Chris Williamson
Main Page: Chris Williamson (Independent - Derby North)(12 years, 3 months ago)
Commons ChamberThis is an important and timely debate. Time prevents me from commenting on each of the contributions we have heard—there have been some excellent ones—but I shall pick out one or two. My right hon. Friend the Member for Greenwich and Woolwich (Mr Raynsford) effectively debunked the Government’s flamboyant use of statistics and demolished the claims made about the benefits of the new homes bonus.
I welcome the Housing Minister for the second time today. He clearly has an extremely big job to do. We have not seen a failure to deliver on this scale since another Tory-Liberal Government failed to deliver on their promise to build homes fit for heroes for the families of soldiers returning from the horrors of the first world war.
Conservative Members used to talk about a property-owning democracy, but many would-be home owners are now trapped in private rented accommodation, paying extremely high rents and unable to build up the very high deposits necessary to secure a mortgage. Nowadays Members on the other side of the House talk about “an affordable housing revolution”, but they are presiding over the disintegration of affordable housing as we know it.
Is my hon. Friend aware that in constituencies such as mine a third of the population are living in private rented accommodation, both those in and out of work, are being denied sufficient housing benefit to pay the rent and are being socially decanted out of central London? That is destructive to communities and to family life. Does he agree that the Government have simply got it wrong on housing benefit?

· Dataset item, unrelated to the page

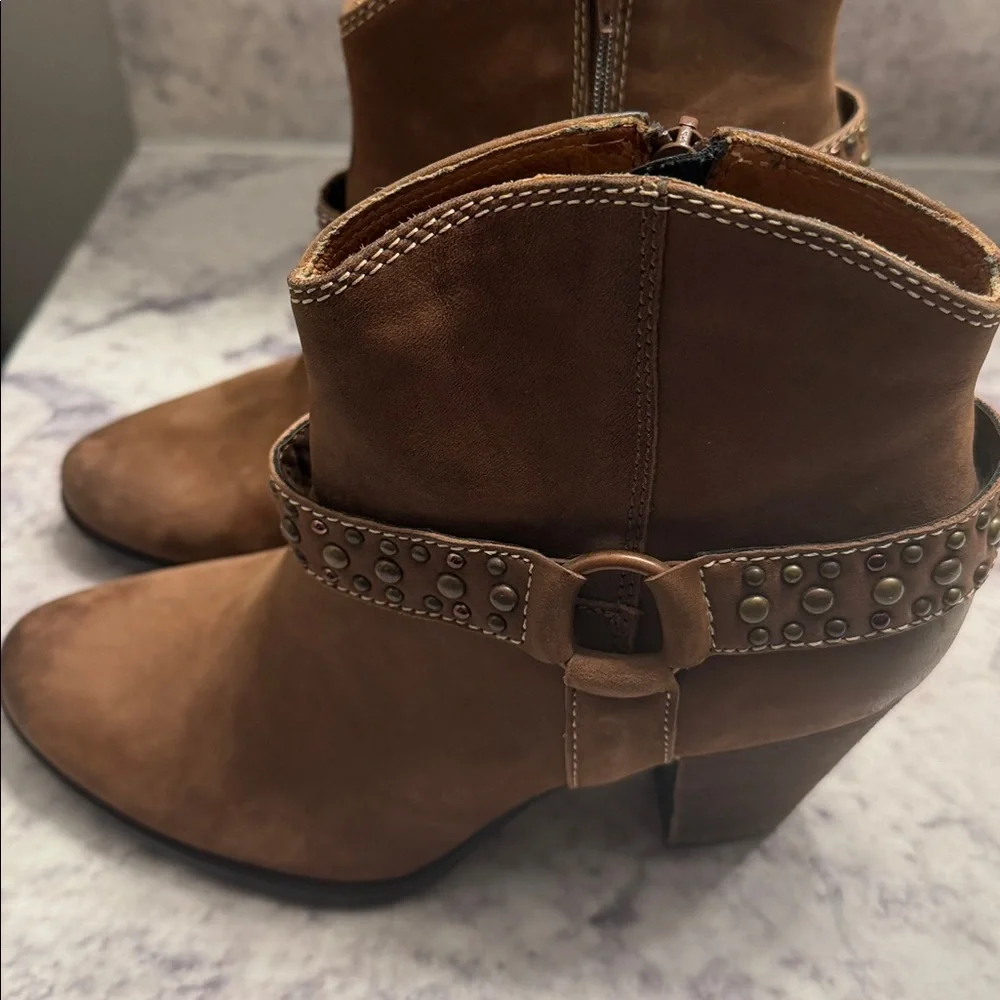 Sofft Women's Brown Studded Leather Ankle Boots size 7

The Government have absolutely got it wrong, and it is a complete scandal. If we are to have balanced communities, we need to create a situation in which people in different places on the income scale can live in the same community. What the Government are doing is completely wrong.
We have seen a massive fall in affordable home starts and a catastrophic collapse in social housing starts. When I was first elected, I was a member of the Communities and Local Government Committee, and I well remember the ministerial team coming before the Committee. The then Minister for Housing said:
“We believe in house building; we believe we’ve got a better way to get houses built. The idea is to get a system which delivers housing in this country.”
The Secretary of State chipped in, adding:
“And homes that people want to live in so kids can play in the streets and people come home with some pride.”
But they have totally failed to deliver on all the rhetoric on that day and since.
In her contribution, my hon. Friend the Member for Plymouth, Moor View (Alison Seabeck) touched on the fact that the Government are failing to deliver. Indeed, every one of the plethora of new initiatives announced by the Government has been an utter failure. As my hon. Friend the shadow Minister for Housing pointed out, in the month following the introduction of the NPPF, planning approvals fell by 37%, which accompanied the loss of 180,000 planning approvals as a result of the meddling in the planning rules by the Secretary of State when he first came to office. That puts into context the cavalier way in which the Government have addressed the whole issue of delivering decent housing.
The Government’s definition of “affordable housing” means that it is not even affordable to large numbers of people. Indeed, the ministerial announcements that we are seeing on various new housing initiatives would not have been out of place if they had appeared in George Orwell’s “Nineteen Eighty-Four” as the product of the Ministry of Truth. Perhaps we should rename the Department for Communities and Local Government.
The reason we face this massive housing crisis today is the abject failure of the coalition parties’ economic plan. They have cut housing investment at precisely the wrong time and, as a consequence, the construction industry is on its knees. It is a very labour-intensive industry and it could create huge numbers of jobs. Moreover, 80% of the products on a building site are procured from inside the United Kingdom. Construction is an engine for economic growth.
With all due respect to the Minister, I know it is his first day but it is his party that is in government, his party that is responsible for this housing crisis, his party that is presiding over a huge increase in homelessness and a significant rise in rough sleeping, and his party that is catastrophically failing in its duty to provide the houses that people need in this country.
What do the Government do in response to this huge and growing crisis and massive demand for housing? Rather than build the homes that people need, they tinker with measures that deny housing benefit to people under 25, inflict a crude housing benefit cap and impose a bedroom tax on people deemed to be under-occupying their homes, forcing people up to the age of 35 to live in a single room if they happen to be on a low income.
The human cost of the calamity with which we are faced as a consequence of the failure of the Government’s economic and housing policies is tragic and shameful. More people are homeless as a direct consequence of their policies, and more people are having to sleep on the street—as I mentioned, rough sleeping is increasing. This is completely unacceptable in the 21st century in one of the richest nations on the planet. I just hope that the new Housing Minister is not blinded by the failed ideology that resulted in the abject failure of his predecessor.
The country is crying out for, and demands, real action now, not more meaningless initiatives. We need a clear plan, because plan A has totally failed. The new Minister said that he was committed to increasing housing supply. I hope that he can deliver on that. We need a new tax on bankers’ bonuses to build tens of thousands of new homes, and we need a cut in VAT on home improvements to help people undertake that work and generate more jobs. These are the sorts of measures contained in our motion and that would give a boost to the construction industry. I therefore commend the motion to the House.